Un ejemplo burdo de obviedad se da en la siguiente escena. El pequeño genio viaja en subte con el abuelo (Max von Sydow), quien ha perdido la facultad del habla (en el único gesto amigable del director), al cual le cuenta cómo jugaban con su padre a los oxímorons (figura retórica que consiste en usar dos conceptos de significado opuesto en una sola expresión); luego de ofrecernos varios ejemplos (para que nos quede bien claro) a base de flashbacks fugaces, la omnipotente voz en off vuelve y nos da el broche de oro explicativo para referirse al abuelo y enseñarnos (no vaya a ser que estemos desatentos) que ahora es el único ser con el cual el niño puede tener un lazo afectivo: “el mudo que habla”.

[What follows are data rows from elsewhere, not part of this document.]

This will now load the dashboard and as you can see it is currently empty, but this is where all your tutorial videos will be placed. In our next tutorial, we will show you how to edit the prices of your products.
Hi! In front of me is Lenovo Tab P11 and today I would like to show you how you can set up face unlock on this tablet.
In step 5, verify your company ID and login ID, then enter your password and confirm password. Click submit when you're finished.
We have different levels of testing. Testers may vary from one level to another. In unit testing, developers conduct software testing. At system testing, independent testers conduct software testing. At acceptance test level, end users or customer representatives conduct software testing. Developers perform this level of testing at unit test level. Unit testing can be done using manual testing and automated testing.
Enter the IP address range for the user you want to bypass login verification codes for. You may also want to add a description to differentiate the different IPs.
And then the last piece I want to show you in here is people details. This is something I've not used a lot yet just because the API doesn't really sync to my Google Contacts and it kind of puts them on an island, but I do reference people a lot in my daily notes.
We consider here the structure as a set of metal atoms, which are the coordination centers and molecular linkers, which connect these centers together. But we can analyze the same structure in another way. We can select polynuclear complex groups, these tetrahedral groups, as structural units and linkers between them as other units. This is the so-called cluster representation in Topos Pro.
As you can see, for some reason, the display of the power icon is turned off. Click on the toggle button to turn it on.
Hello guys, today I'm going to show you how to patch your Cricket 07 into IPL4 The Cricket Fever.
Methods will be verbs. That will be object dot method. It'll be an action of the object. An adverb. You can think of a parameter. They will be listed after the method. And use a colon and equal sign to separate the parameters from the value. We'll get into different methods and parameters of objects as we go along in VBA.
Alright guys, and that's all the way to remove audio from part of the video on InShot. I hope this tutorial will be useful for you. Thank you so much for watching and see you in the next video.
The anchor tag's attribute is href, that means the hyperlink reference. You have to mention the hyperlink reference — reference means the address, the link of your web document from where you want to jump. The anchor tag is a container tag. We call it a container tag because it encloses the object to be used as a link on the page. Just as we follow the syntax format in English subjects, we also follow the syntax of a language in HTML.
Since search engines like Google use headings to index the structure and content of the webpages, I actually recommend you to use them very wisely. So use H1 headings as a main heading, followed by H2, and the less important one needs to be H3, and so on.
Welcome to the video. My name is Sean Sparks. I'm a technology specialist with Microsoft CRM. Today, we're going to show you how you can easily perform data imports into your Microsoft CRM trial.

La frecuente verborragia es reforzada con abuso de cámara lenta y encuadres perfectos del héroe sufriente, que remiten a una estética clipera, con música ambiente continua para acentuar el pulso emocional. El recurso del sufrimiento encuadrado no es suficiente para Daldry e introduce, en su desconfianza para construir solamente atmósferas, una intriga absurda en medio de una estructura que se pretende fragmentada y confusa cuando en realidad no deja nada al azar. Para colmo, hacia el final, podremos encontrar una pacata escenificación simbólica de red social y, por supuesto, los mecanismos afectivos reparadores infaltables.
En definitiva, este film, candidato a la estatuilla, es esa clase de películas que posan y coquetean con ser diferentes pero que se mueren en una serie de convencionalismos.